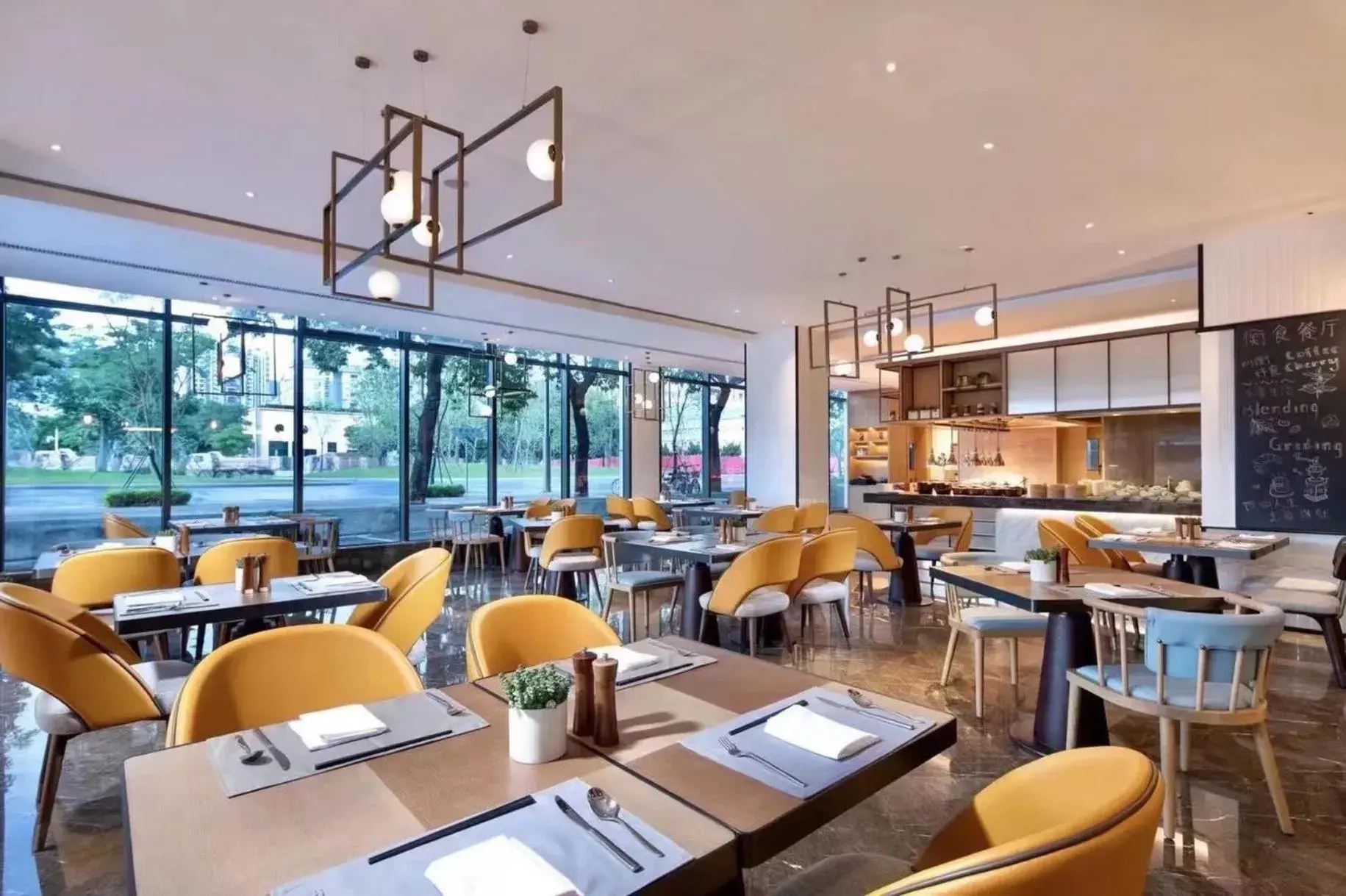 Restaurant/Places to Eat in EVEN Hotel Shenzhen Nanshan, an IHG Hotel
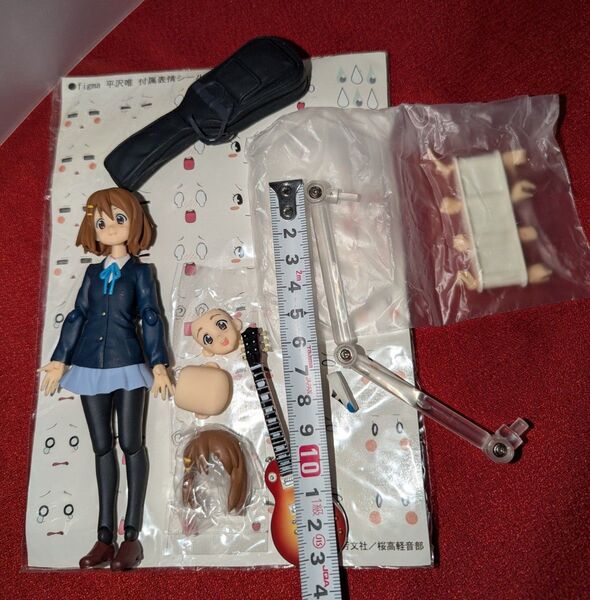 ジャンク けいおん! figma 平沢唯 完成品フィギュア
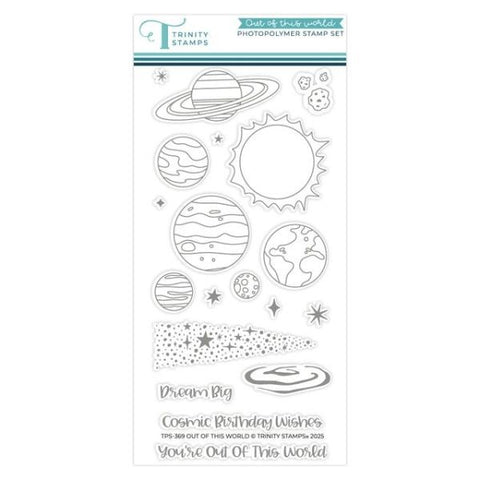 Out of this World - Clear Stamps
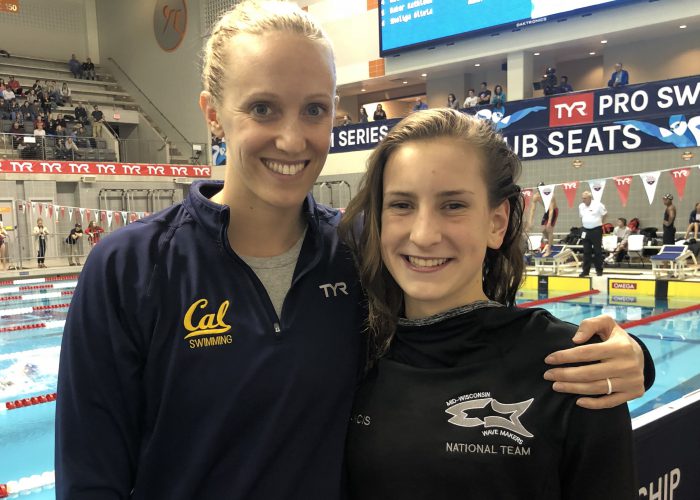 Dana Vollmer: Training for 2020 Looks Different as a Mom of Two ...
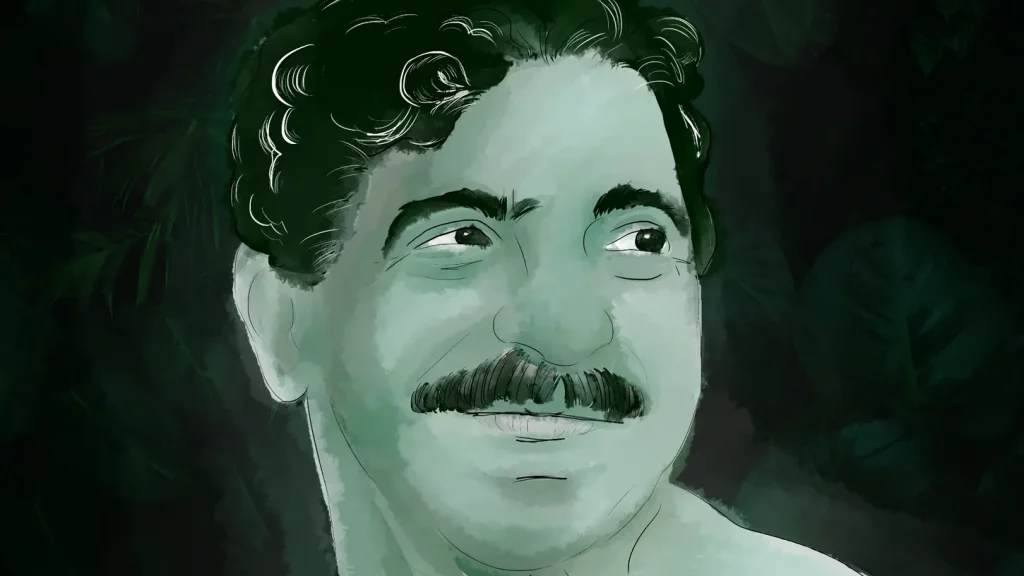 Chico Mendes drawing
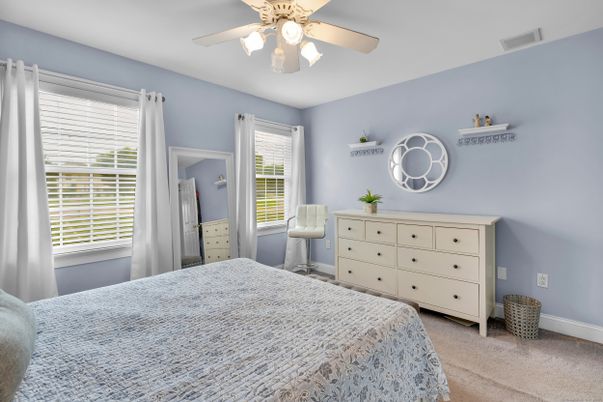 Bedroom, Interior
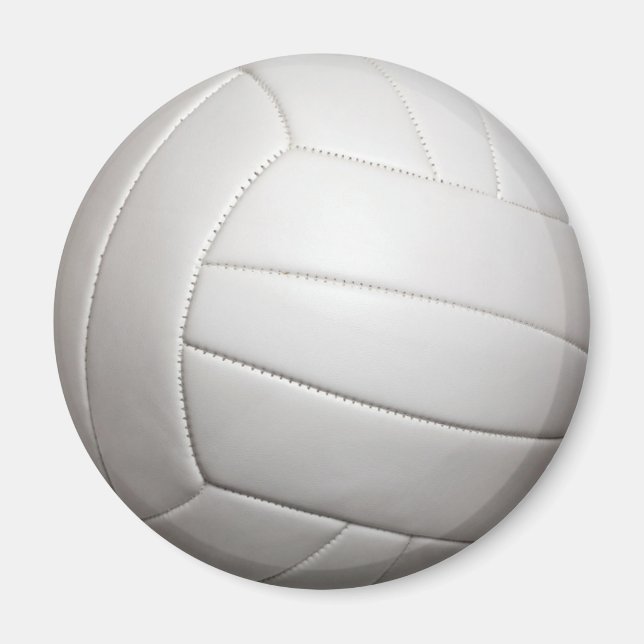 Aimant de volleyball (Devant)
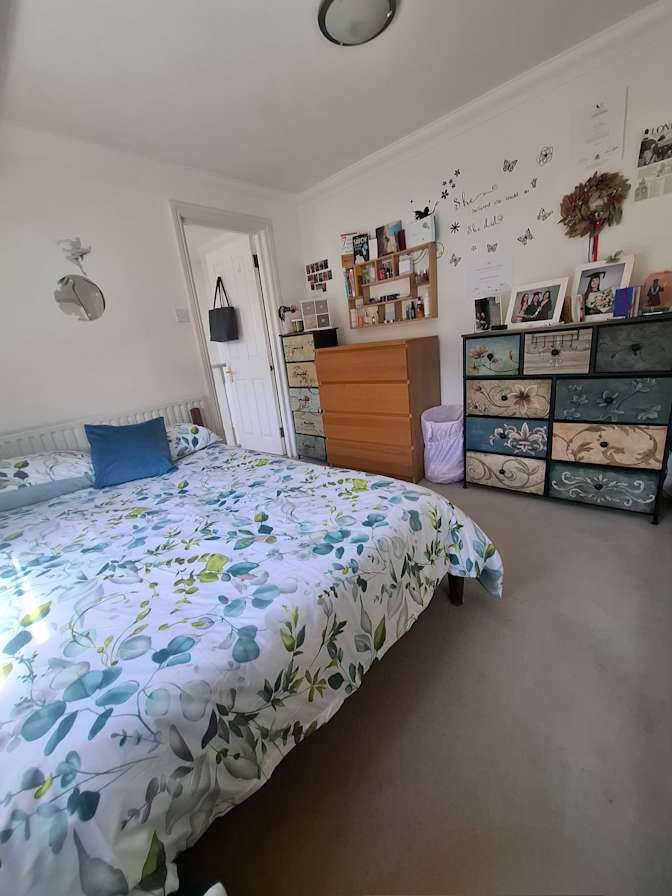 Francesca Pappalardo's room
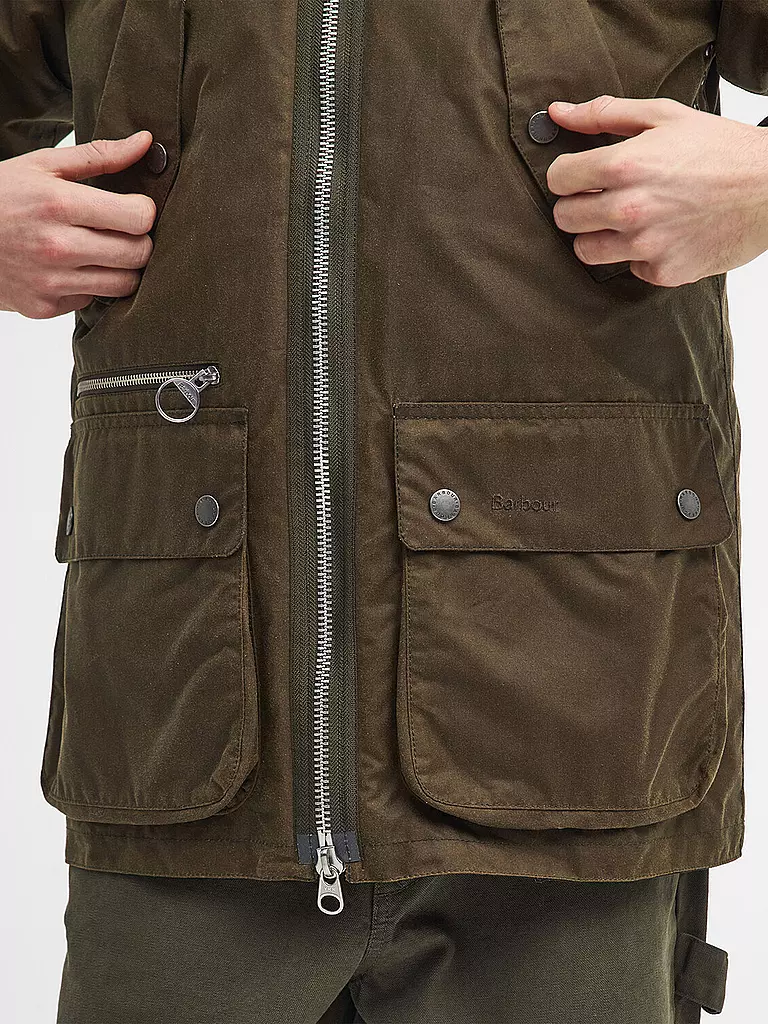 BARBOUR | Parka BEAUFORT | Oliva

**WORK TO BE COMPLETED**
Every line from the one containing "Chico Mendes drawing" through the end of the listing is to be copied exactly; the pictures are not.

**SOLUTION TO THIS PROBLEM**
 Chico Mendes drawing
 Bedroom, Interior
 Aimant de volleyball (Devant)
 Francesca Pappalardo's room
 BARBOUR | Parka BEAUFORT | Oliva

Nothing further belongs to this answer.